Poverty in the Suburbs

-77231e47b540724b_large The Economist discusses poverty rates in the suburbs.

"According to two new reports from the Brookings Institution, over the past decade the number of poor people in the suburbs has jumped by a whopping 37.4% to 13.7m, compared with some 12.1m people below the poverty line in cities. Although poverty rates remain higher in the inner cities, the gap is narrowing."

Social institutions out here in the suburbs are struggling to deal with these new facts. My dad runs a food pantry that is struggling to keep up with the long lines of people who walk several miles to pick up a bag of groceries. The school principal rants about the Mexicans who live in the rental units by the railroad tracks that drag down the school test scores. The school nurse doesn't know how to handle the children who come into her office with rotting teeth. Cash-poor neighbors moved out this weekend; their possessions were thrown in the back of dump truck and a mother didn't know where her four children were going to sleep that night.

9 thoughts on “Poverty in the Suburbs

  1. I looked at the piece and maybe I missed it, but I didn’t see any mention of Section 8.
    http://www.nytimes.com/2008/08/09/us/09housing.html
    My feeling is, that the Economist is not our best source for news on life in the US, although I believe they did pretty good work on the US housing bubble early on. It’s this sort of thing that makes me wonder how much faith to put in their magisterial articles on more exotic countries. Ever notice how the Economist knows exactly what everybody’s country ought to do?

  2. re: your now-homeless neighbor — wow, that is very harsh. Four kids. Ouch.
    It’s getting to the point where one of my main experiences of this economic downturn is survivor guilt. I watch friends and family losing their jobs and homes and I feel rotten.
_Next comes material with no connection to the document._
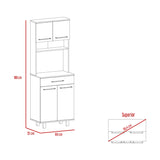 ZUN Bay Area Pantry, Two Door Cabinets, One Drawer, Four Adjustable Metal Legs B128P148867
Like I’m somehow the Nazi collaborator who gets a free pass. Because I don’t feel most of these folks really deserve what they’re getting; they may have made some bad decisions, yes, but nothing on a scale that justifies the breathtaking fall from the middle class.
    On the poverty topic, I’m not sure we as a country really know how to deal with poverty, urban/suburban/elsewhere. Our bootstrap narrative doesn’t leave a lot of room for poverty, you know?

  3. The New Jersey Council on Affordable Housing (COAH)has requirements for a certain number of “affordable housing” units in each town. Our town had always been exempt, since we were “fully developed” before the affordable housing requirements came into effect, and therefore had nowhere to put low income housing.
    But now a large hospital is allegedly moving away, and the town is up in arms because COAH wants part of the land to be used for affordable housing. My racist, bigoted, anti-poor-people neighbors cannily took the approach of suggesting that the town buy the area for “open space,” getting a lot of liberal anti-development environmentalist allies in their quest to keep out the low-incomers.
    I’m kind of indifferent, but wonder if there’s really value (to the poor people) of putting them in a ritzy town like ours with no social services and safety nets nearby. Up until a few years ago, we had a poor, hippyish family renting a house down the block. The first time they had a family crisis, the neighborhood pulled together the help. The second time, the neighborhood seemed to collectively decide, “Jeez, if you can’t go two years without a crisis, maybe you should be living in a cheaper neighborhood.” They left soon thereafter. I’m guessing the low-income neighbors (if they do, eventually, materialize) won’t get a chance to make it to a second chance.

  4. But, as Amy notes, there has been a deliberate policy to decentralize poverty and I’d be very curious to know if Section 8 or a changed economy was driving the suburban poverty increases.

  5. “I’m kind of indifferent, but wonder if there’s really value (to the poor people) of putting them in a ritzy town like ours with no social services and safety nets nearby.”
    Ah, but their kids get to go to good schools… and, even if you can’t see the social services in the ‘burbs, they may well be better and more personalized than in overwhelmed large cities.
    My family managed to have crises both in NYC and in the (NY) suburbs, and got a lot more useful help for the latter… in the suburbs, they care if e.g. someone is walking down the street shouting in the middle of the night, and they actually provided followup care, group homes with say 10 residents (not 500), etc.
    (Transportation was a much bigger pain, though, even with a kind of okay bus system and a taxi driver in the family.)

  6. “But, as Amy notes, there has been a deliberate policy to decentralize poverty and I’d be very curious to know if Section 8 or a changed economy was driving the suburban poverty increases.”
    Probably both, but why miss a chance to beat up on The Economist?

  7. The suburbs have been growing for 60 years, or so. How many of the suburban poor are retired, and living on a fixed income?
    The formula once ran, you’d buy a house on a mortgage, pay it off as your children grew up and were educated in the good schools, then sold the house to a young family. The sale of the house financed your retirement in Florida.
    If that model’s broken, then the poverty rate will increase, as the retired people, who traditionally downsized and headed to Florida, are still living in their four bedroom colonials. The frozen real estate market influences local demographics.